> _What is required_
The required output is the exact run of lines from the one that contains "We are in Backup" to the end of the data, with every picture left out.

[Stored items]
#####

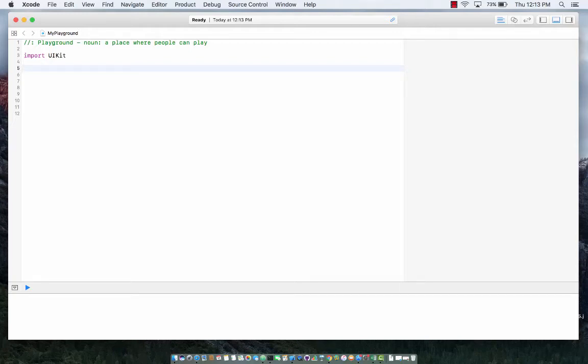Hi, in this screencast I would like to cover one of the cool features of the Swift 4 programming language which is called class and subtype existentials.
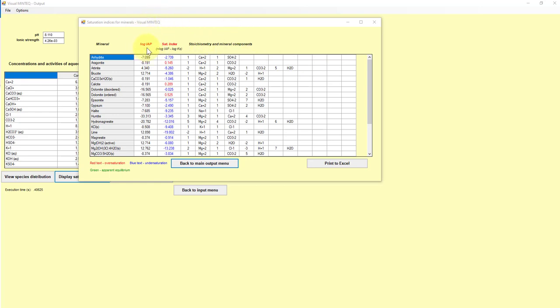And up here we have the log IAP, which is the ion activation or activity product. And then we have the saturation index, which is computed as the log value, this value here, minus the actual log Ksp. It says Ks, it's Ksp. So that's the solubility product.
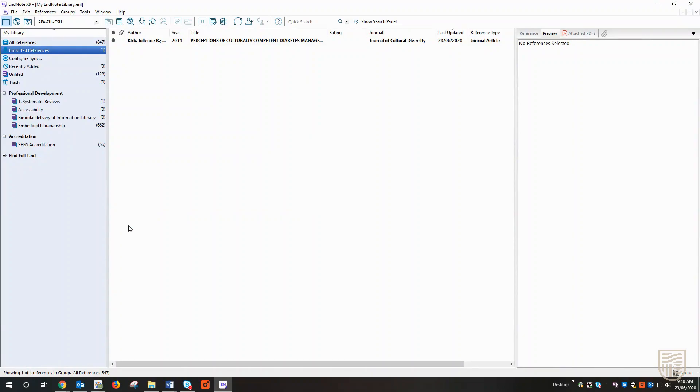If you're not sure, the library EndNote guide does have some instructions about how to direct export from a range of the most common databases, and so that can be a really helpful resource tool for you.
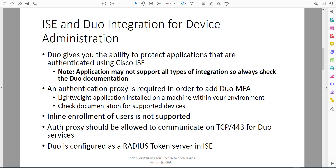Do check the supported documentation if you are looking at following along. Inline enrollment of users is not supported, so that means if you have users within Duo - or synchronized from your Active Directory - if that user is not enrolled or doesn't have a device enrolled, this application does not support that. The user won't be prompted to auto-enroll or self-enroll if it's the first time they are accessing the application.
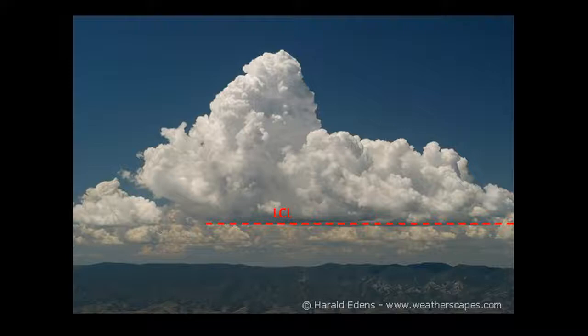Eventually, some of those water droplets might fall to the Earth, but it depends on the size of those droplets. So the question that we're tackling here today is: if a droplet gets large enough to fall, how long will it take to reach the Earth?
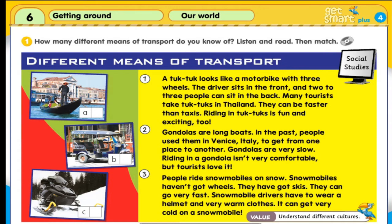A tuk-tuk looks like a motorbike with three wheels. The driver sits in the front, and two to three people can sit in the back. Many tourists take tuk-tuks in Thailand. They can be faster than taxis. Riding in tuk-tuks is fun and exciting too.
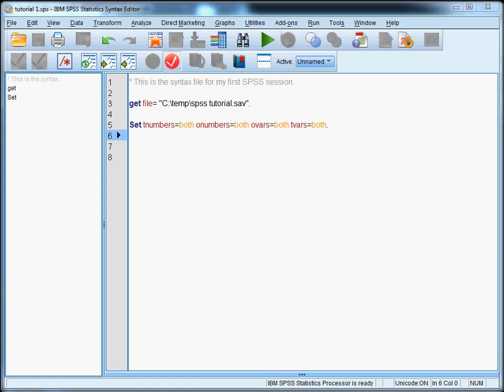Okay, so this completes tutorial number one. You now know how to set up a syntax file, and in the next one I'll show you the best way of working with this syntax file.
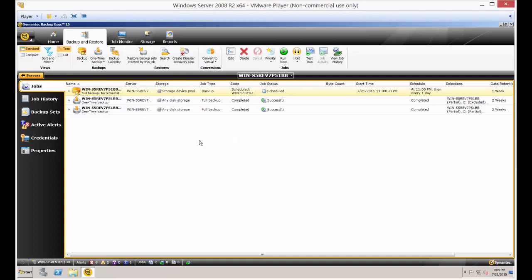We are in Backup Exec 15. I'm going to show you how to restore an individual file or folder. You don't have to restore the whole backup. You just may want to restore a particular file that might have gotten deleted or corrupted.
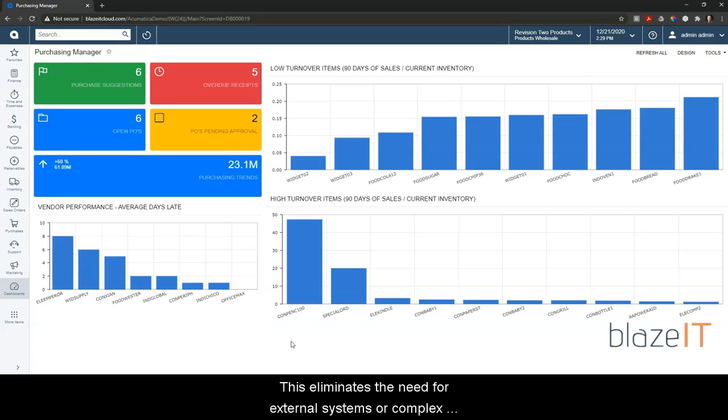This eliminates the need for external systems or complex spreadsheets to tell you that and does it in real time.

#####

> _Solution to the problem_
We are in Backup Exec 15. I'm going to show you how to restore an individual file or folder. You don't have to restore the whole backup. You just may want to restore a particular file that might have gotten deleted or corrupted.
This eliminates the need for external systems or complex spreadsheets to tell you that and does it in real time.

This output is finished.